Kiefer (Craniomandibuläre Dysfunktionen)

Ein Schwerpunkt meiner Arbeit ist die Behandlung von Funktionsstörungen des Kiefergelenks.

  • Manuelle Therapie
  • Craniosacraltherapie

Der Einfluss des Kiefergelenkes auf die Körperhaltung und den Bewegungsapparat sind vielseitig und werden häufig zu wenig oder gar nicht beachtet.

Körperliche Fehlstellungen – aus welchen Gründen auch immer- beeinflussen die Okklusion/Bisslage so wie auch die Okklusion körperliche Probleme verursachen kann.

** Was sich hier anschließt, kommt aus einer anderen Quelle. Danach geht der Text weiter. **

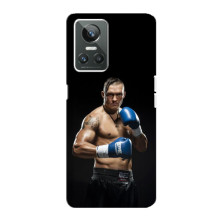 Чехол с картинкой Александр Усик для Realme GT Neo 3 – Боксер Усик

So weisen 85% der chronisch kranken Patienten mit Schmerzen im Bereich des Nackens Dysfunktionen im craniomandibulären System auf und 50% der Patienten mit tiefem Kreuzschmerz. (Plato, Kopp 1999)

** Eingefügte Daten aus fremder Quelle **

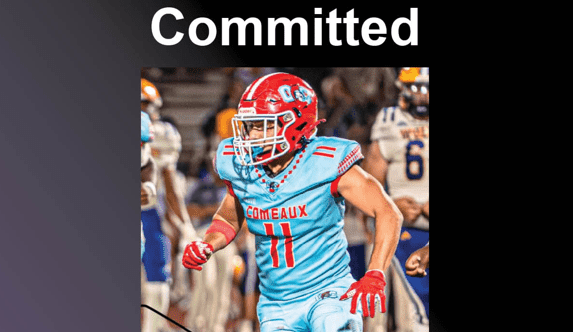 BREAKING NEWS: Comeaux High School (Lafayette, LA) LB Alex Satchell Commits To 2026 Gridiron Football All-American Bowl Game!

Subjektive Symptome einer CMD können sein

  • Morgendliche Müdigkeit
  • Kiefergelenkschmerzen
  • Nächtliches Knirschen
  • Migräne/ Kopfschmerz
  • Nackensteifigkeit
  • Schwindel
  • Sehstörungen/ erhöhter Augendruck
  • Tinnitus
  • Globusgefühl
  • Heiserkeit
  • Herzrhythmusstörung
  • Schulterschmerzen
  • Knieschmerzen
  • Lumbalgien
  • Bandscheibenvorfall
  • Fußschmerzen, Fersensporn
  • Muskelkrämpfe
  • Fibromyalgiesyndrom
  • ADHS
  • „Ständig unter Strom“
  • Rezidivierende Sehnenscheidenentzündungen
  • Schlaflosigkeit
  • Depressive Verstimmung

Die alleinige Entspannung der Kau – und Nackenmuskulatur kann nicht den optimalen Biss hervorbringen, da genügend Untersuchungen mittlerweile nachgewiesen haben, dass andere periphere Störungen, z.B. ein Beckenschiefstand, ebenfalls die Okklusion beeinflussen.

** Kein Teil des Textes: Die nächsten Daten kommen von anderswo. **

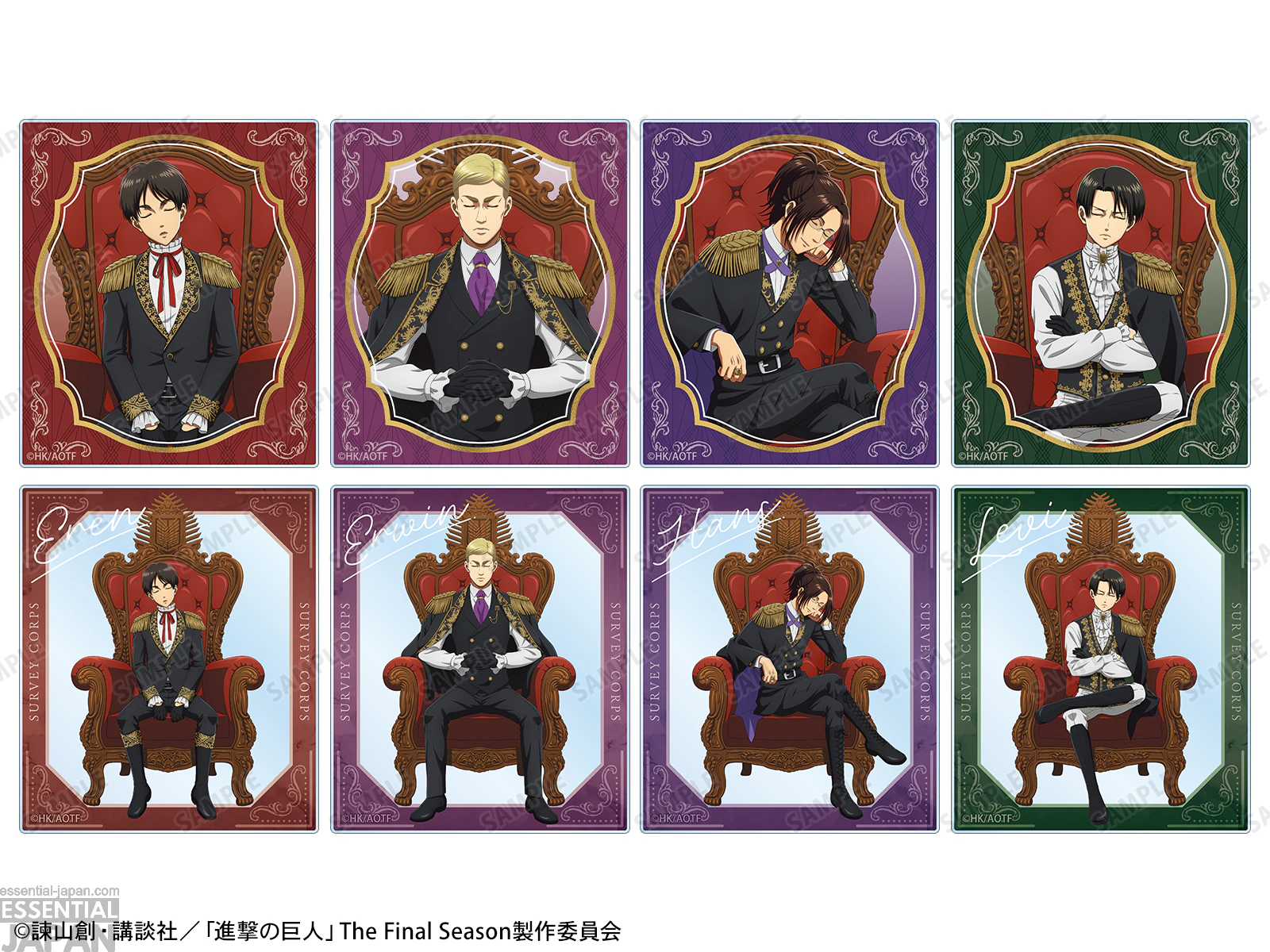 Attack on Titan 'Dreaming Throne' Pop Up Store 6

Das Kiefergelenk ist zum einen über die Kopf- und Nackenmuskulatur mit der Wirbelsäule verbunden, darüber hinaus bestehen nervale, fasziale (inklusive des speziellen craniosakralen Systems) und musculoskelettale Verbindungen vom Kiefergelenk in die Peripherie und umgekehrt von der Peripherie zurück zum Kiefergelenk. Die Rolle des N.trigeminus ist dabei sehr bedeutsam und umfangreich.

Mein Behandlungsansatz ist es nach einer ersten umfangreichen Befundaufnahme vorhandene Funktionsstörungen und Dysbalancen in der Peripherie und im Kiefergelenk aufzuspüren und diese zu beseitigen.

Im Anschluss sichere ich Ihren optimalen funktionellen Biss, der sich häufig vom habituellen Biss unterscheidet. Der funktionelle Biss kann dann im Anschluss vom Zahnarzt in eine Okklusionschiene eingearbeitet werden.